Na opinião de Giovanini, outro absurdo da proposta é delegar a qualquer órgão do Sistema Nacional do Meio Ambiente (Sisnama) o poder de nomear cidadãos como “guardiões da fauna”. Isso significa que órgãos ambientais federais, estaduais e municipais poderiam conceder o título. “Como o Ibama vai fiscalizar os mais de sete mil órgãos do Brasil? Para mim, em ano eleitoral, esta é uma ótima oportunidade para a compra de votos. O cidadão chega no comitê eleitoral com sua gaiolinha e recebe a promessa de que, se o candidato for eleito, ele vai se transformar num guardião.”

Marcelo Pavlenco Rocha, da ong S.O.S Fauna, também considera a proposta do Ibama “absurda”. Como o texto não exige a marcação dos animais com anilhas, por exemplo, as facilidades para o tráfico seriam inúmeras. “Eu compro cinco papagaios na feira do rolo, sou flagrado e multado pelo Ibama e, em seguida, me permitem ficar com os animais. Aí eu vendo esses cinco papagaios e compro outros cinco. Como o instituto vai saber que os que eu tenho em casa são os mesmos? Ninguém vai fazer DNA nos bichos, porque custa mais de 300 reais cada teste.” A proposta apresentada ao Conama exige somente que os animais mantidos pelos “guardiões” sejam fotografados, o que não alivia a situação do Ibama perante os ambientalistas. “É praticamente impossível identificar o bicho pelas características físicas. Um absurdo do ponto de vista técnico e ético. Nem mesmo especialistas conseguiriam tamanha façanha”, reforça o diretor da Renctas.

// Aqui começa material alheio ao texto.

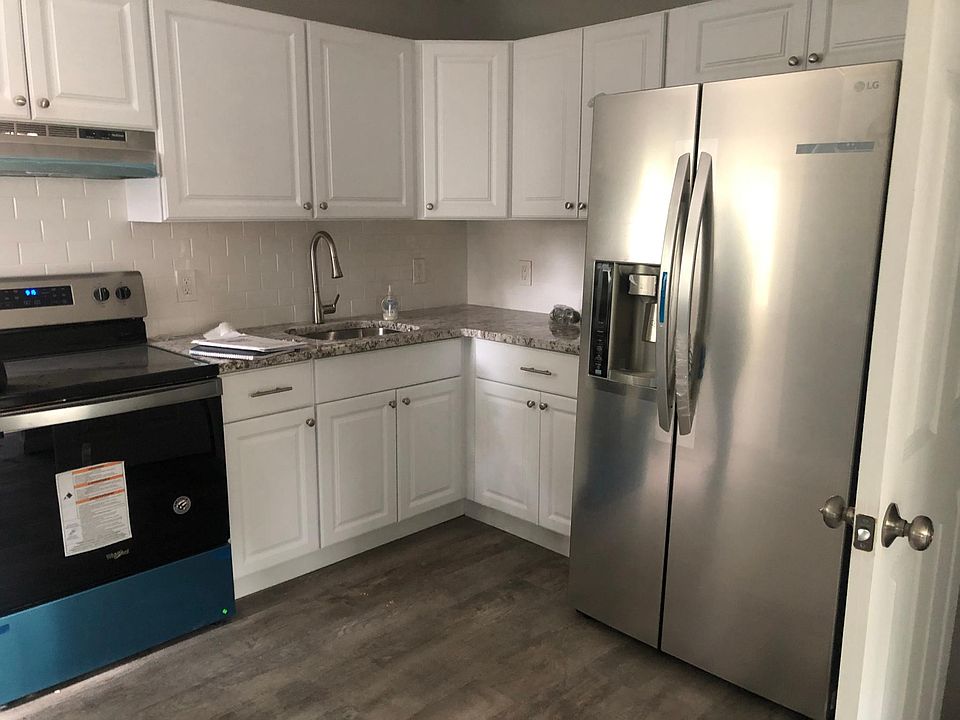 1st image of 12 Carl St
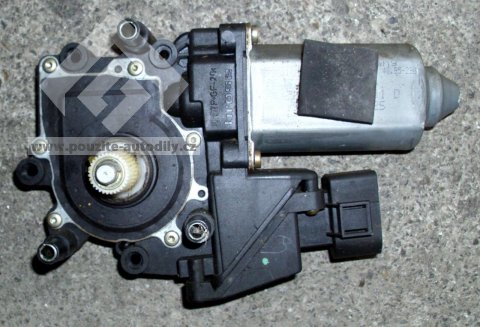 Motor stahování okna vlevo vzadu Audi A8 4D 94-98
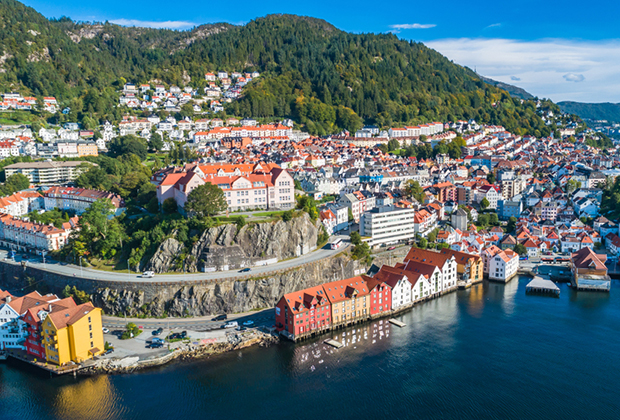 Альтернатива дорогому Осло — второй по величине город Норвегии Берген, расположенный на западном побережье в окружении фьордов. Недвижимость здесь стоит дешевле: покупка — 5,5 тысячи евро за квадратный метр, аренда — 1,1 тысячи евро за квартиру в месяц.
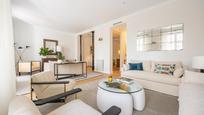 Living room of Flat for sale in  Madrid Capital  with Air Conditioner, Parquet flooring and Furnished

Rocha coloca outra situação que questiona a eficácia da proposta. “Eu compro um papagaio sem licença a 100 reais. O Ibama vai até a minha casa, me faz pagar multa de 500 reais. Até aí gastei 600. Se fosse comprar o bicho numa loja autorizada, pagaria 1.500 reais. Cometo uma prática ilegal e ainda saio no lucro de 900 reais.” O diretor de Fauna do Ibama, Rômulo Mello, contesta. “Esse raciocínio não é correto, já que o dono não tem garantia alguma de que vai ficar com o animal. O título não será concedido aleatoriamente. Analisaremos caso a caso.”

A concessão do título de “guardião da fauna”, mesmo ainda não aprovada pelo Conama, é uma prática já adotada em casos pontuais. Mello lembra que, em São Paulo, uma senhora de 65 anos conseguiu um parecer jurídico para continuar com a sua arara em casa – um presente dado pela filha já falecida. “Queremos que esse parecer seja transformado em norma e passe a valer em todo o país”, explica.

Desde 2004, representantes de ongs e órgãos ambientais discutem no Conama a criação do termo “guardião da fauna”. A Renctas havia sido convidada, mas não participou dos encontros por acreditar que a proposta vai contra os princípios da instituição. O texto encaminhado pelo Ibama em outubro de 2005 foi aprovado pela Câmara Técnica de Biodiversidade do conselho e desde março se encontra na Câmara Técnica Jurídica. Se for aceito, será encaminhado ao plenário do Conama – última instância antes de virar resolução e entrar em vigor.